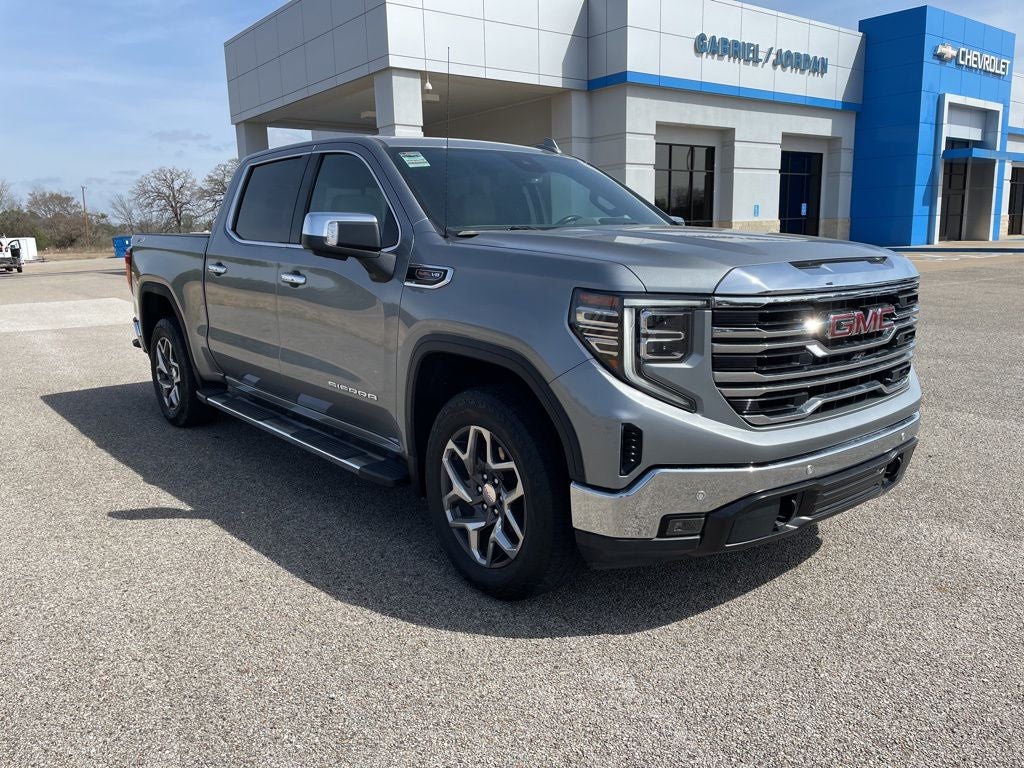 2023 GMC Sierra 1500 SLT
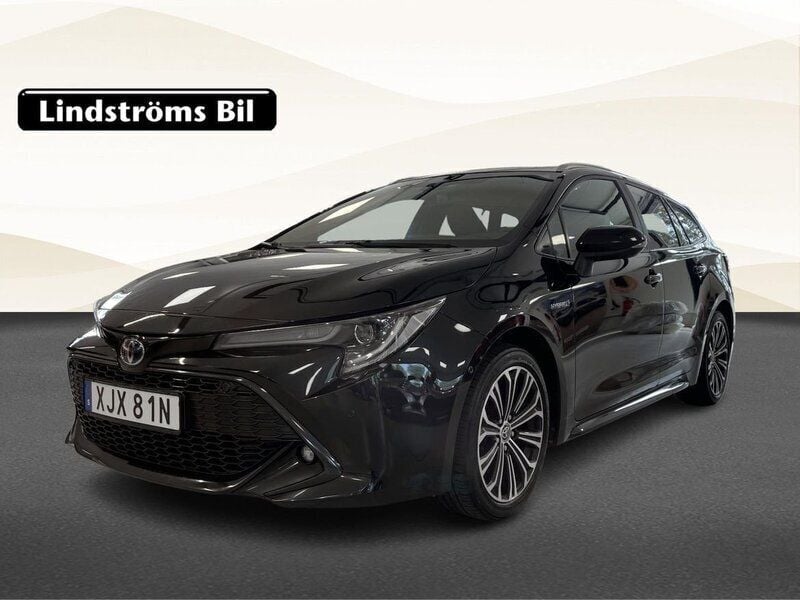 Svart Begagnad 2020 Toyota Corolla Style Kombi | 224 900 kr (Marknadspris) - Bild 1/3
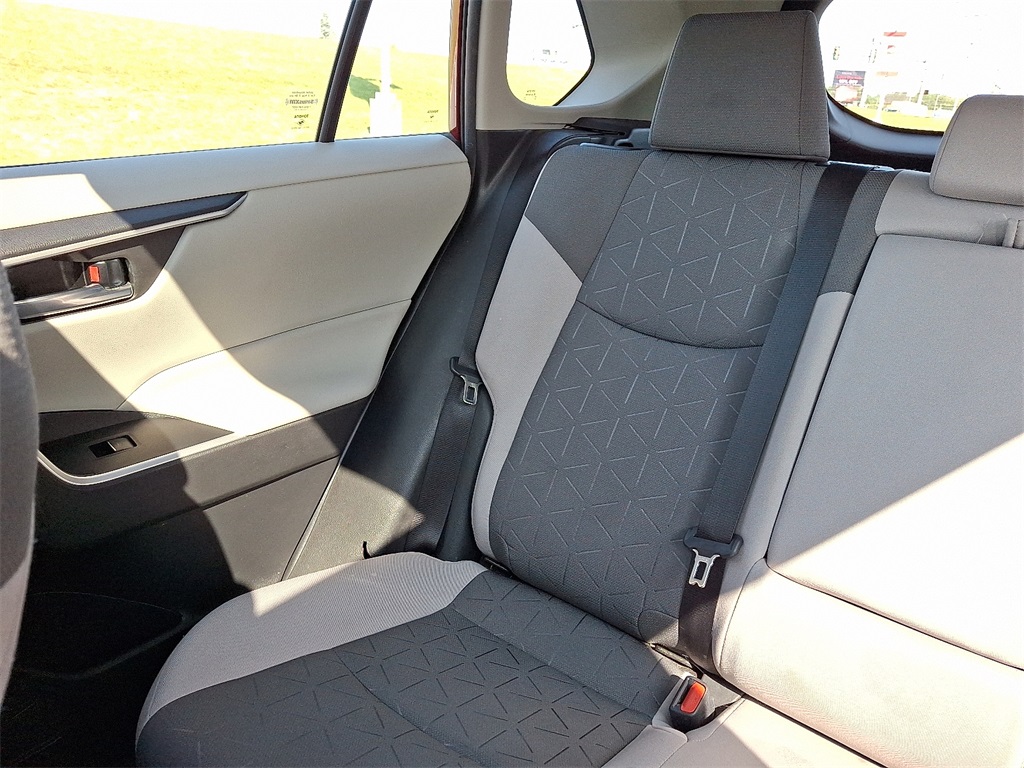 2022 Toyota RAV4 Hybrid XLE photo 14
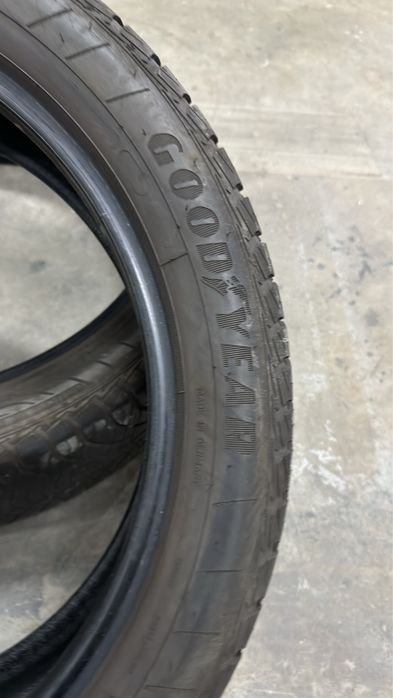 Зимни гуми 195/55/20 Godyear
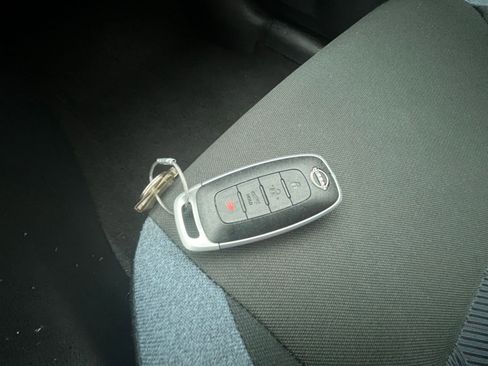 Used 2025 Nissan Versa SV FWD image 21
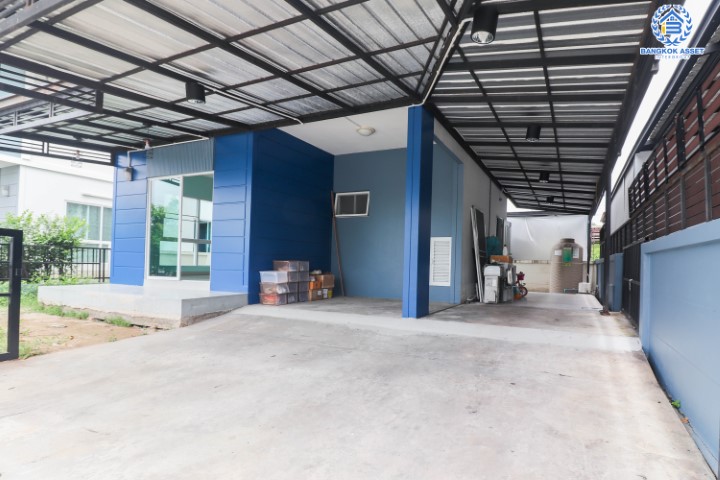 *****บ้านแฝดมือสองนนทบุรี ม.เพอร์เฟคพาร์ค บางบัวทอง คุณภาพระดับแบรนด์ Property Perfect เนื้อที่กว้างขวางเกือบ 37 ตร.ว. ฟังก์ชัน 3 ห้องนอน 2 ห้องน้ำ ภายในแต่งสไตลโมเดิร์น ต่อเติมครบครัน หน้าบ้านไม่ชนกับใคร พร้อมเข้าอยู่ได้ทันที! เชื่อมต่อถนนกาญจนาภิเษก ถนนบางกรวย-กรุงเทพฯ ใกล้รถไฟฟ้าสายสีม่วง "สถานีคลองบางไผ่" จองเลย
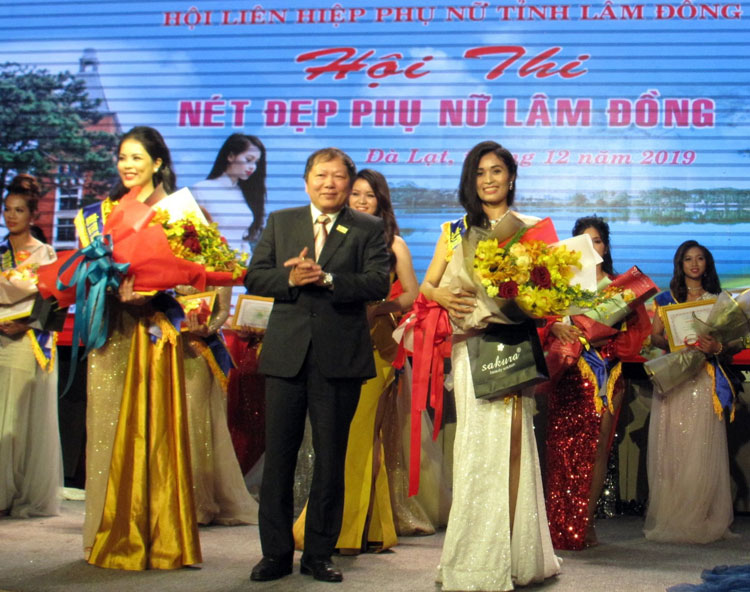 Ông Nguyễn Vĩnh Phúc - Phó Ban Tuyên giáo Tỉnh ủy, Trưởng Ban giám khảo hội thi trao hai giải nhì cho các thí sinh Nguyễn Thị Loan và Ka Lũy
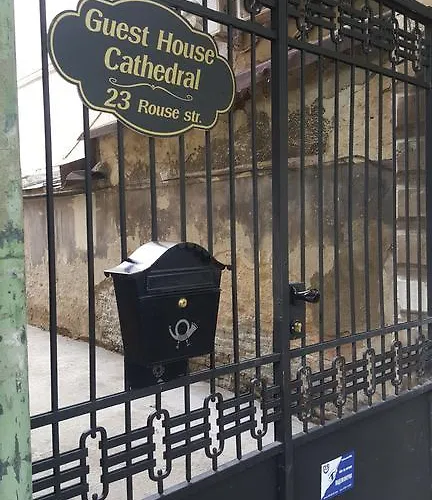 Cathedral * فارنا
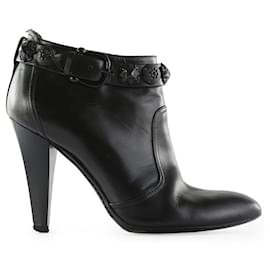 Burberry-Stivali Burberry in pelle nera con punta a mandorla e cinturino alla caviglia con borchie-Nero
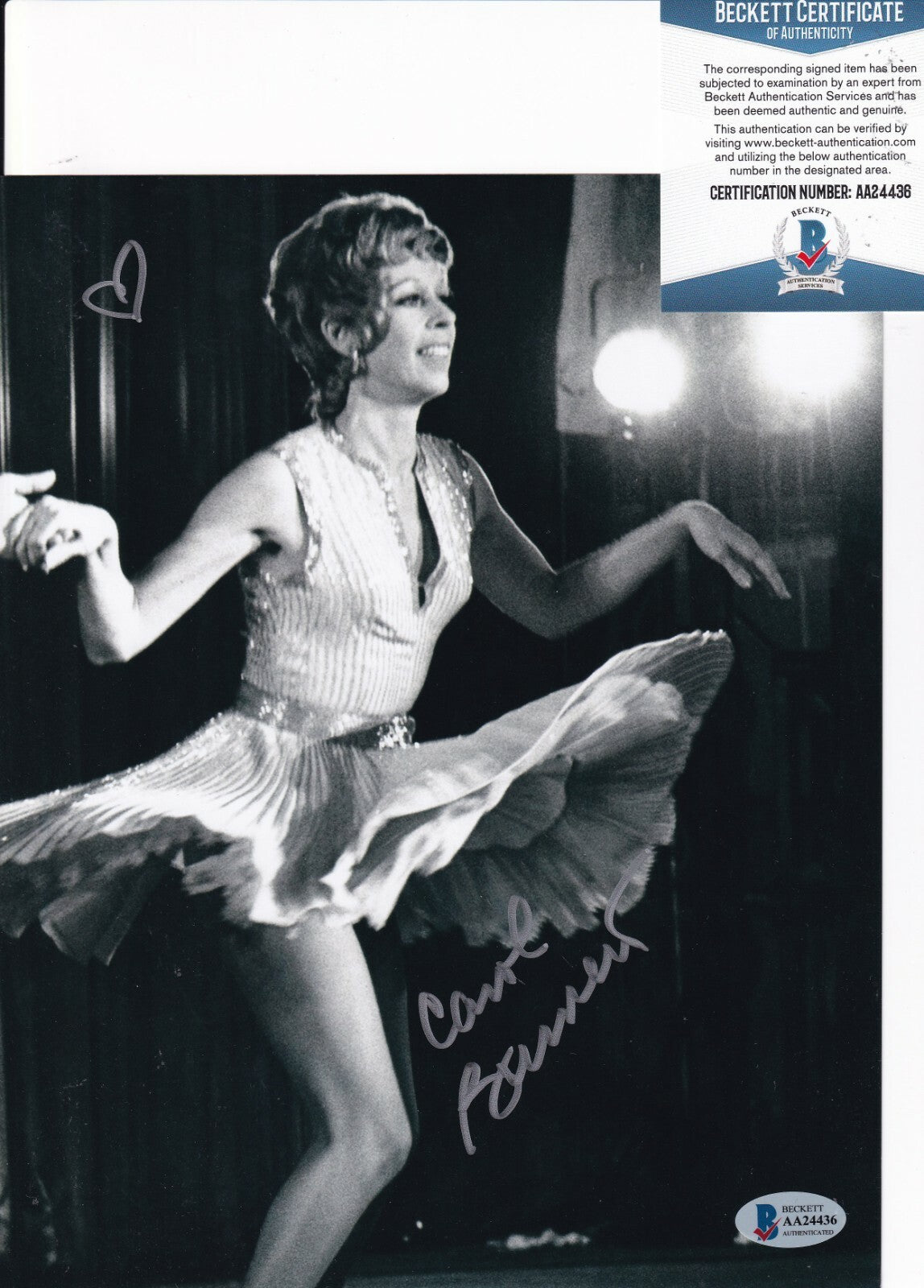 CAROL BURNETT signed (ANNIE) The Carol Burnett Show 8X10 photo BECKETT AA24436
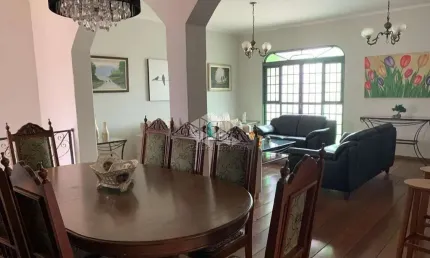 Vende casa  bairro independência  4  dormitorios , 4 suites - 4 bairros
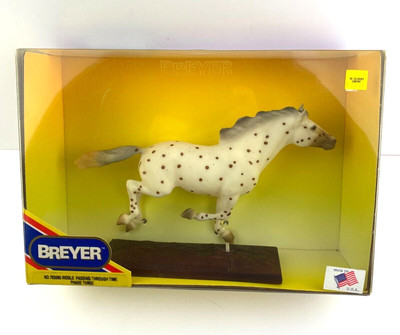 New NIB Classic Breyer Horse #703595 Riddle Passing Through Time Phase III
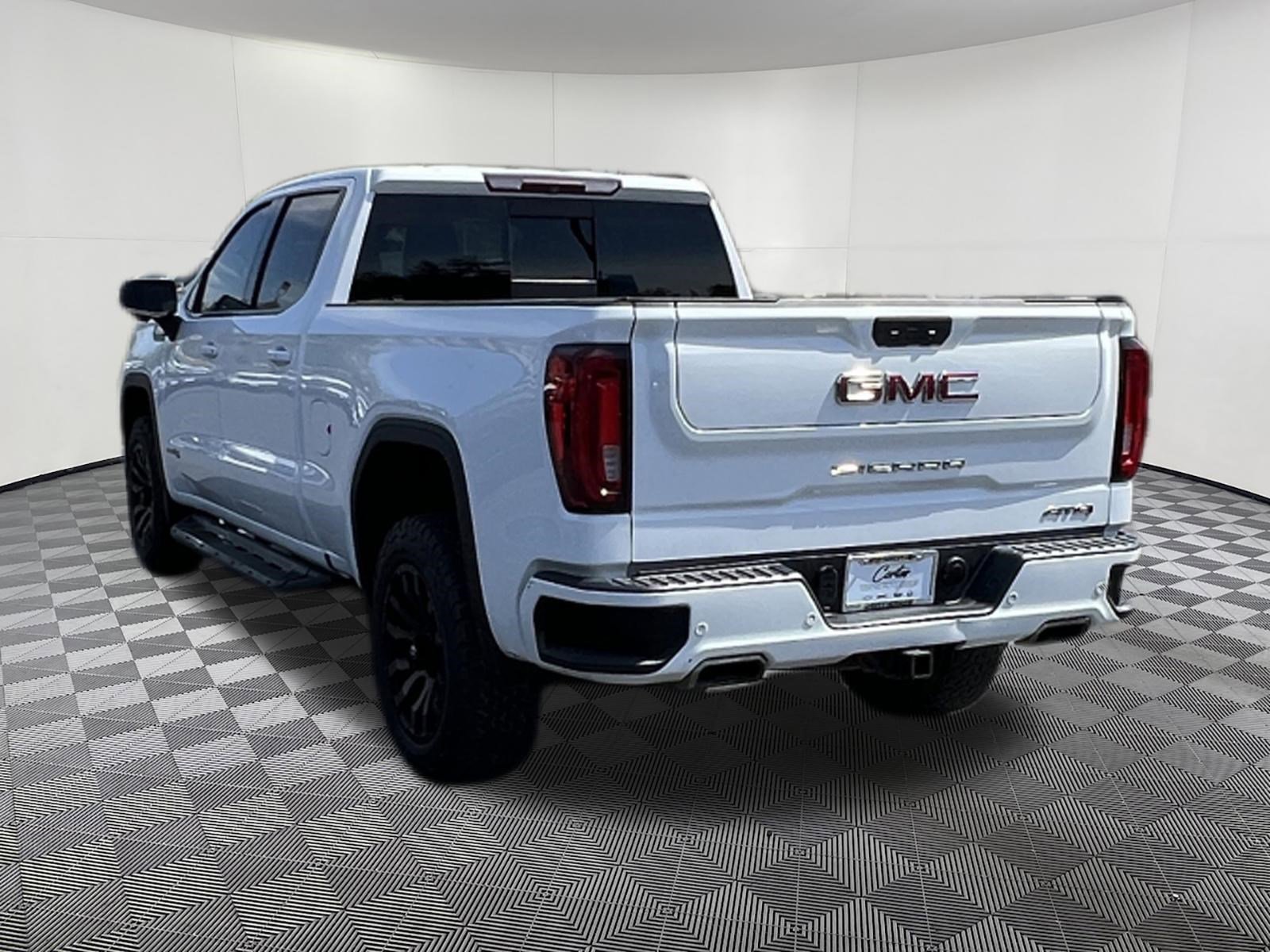 Used 2019 GMC Sierra 1500 AT4 w/ AT4 Premium Package AWD/4WD image 4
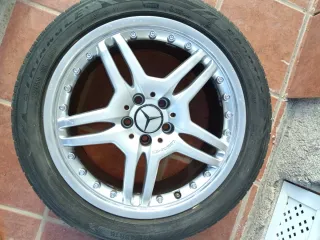 Llanta Mercedes AMG 18 con Neumático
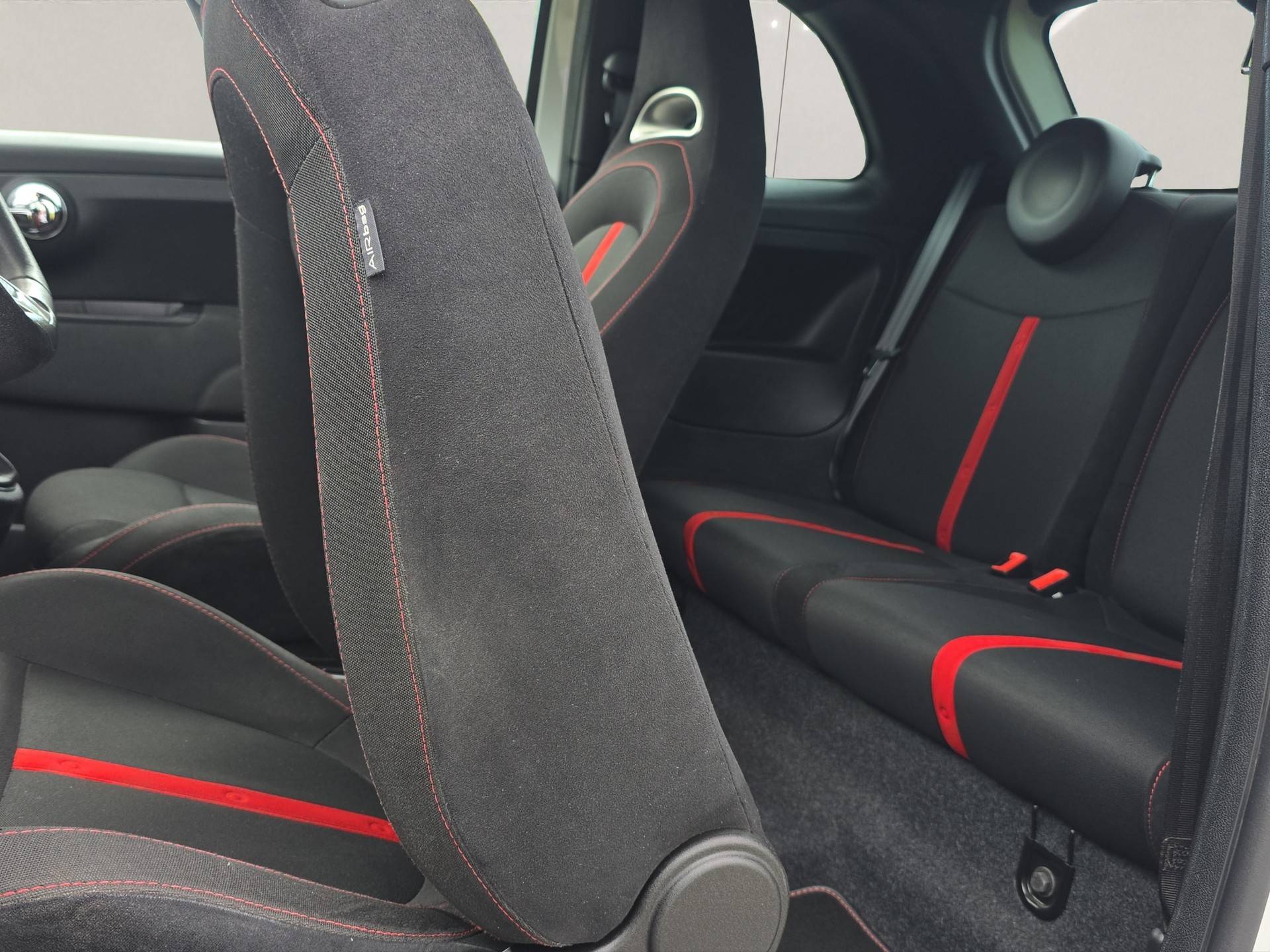 FIAT 500 1.4 16V Turbo Abarth-image-9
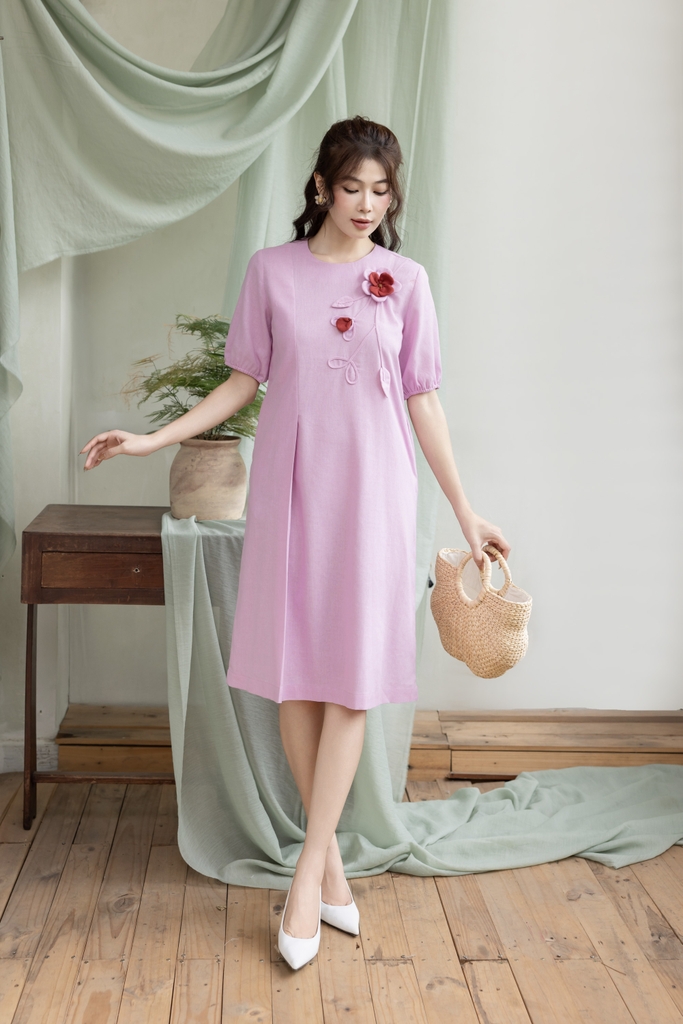 Swanlake | Váy Đầm Phom Suông Dài Qua Gối Linen Đính Hoa 3D - D12426LW01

**What to work on**: From the records above, copy exactly the lines starting at the one with "Cathedral * فارنا" and ending at the one with "CAROL BURNETT signed", and no others. Pictures stay out.

**Completed exercise**:
 Cathedral * فارنا
 Burberry-Stivali Burberry in pelle nera con punta a mandorla e cinturino alla caviglia con borchie-Nero
 CAROL BURNETT signed (ANNIE) The Carol Burnett Show 8X10 photo BECKETT AA24436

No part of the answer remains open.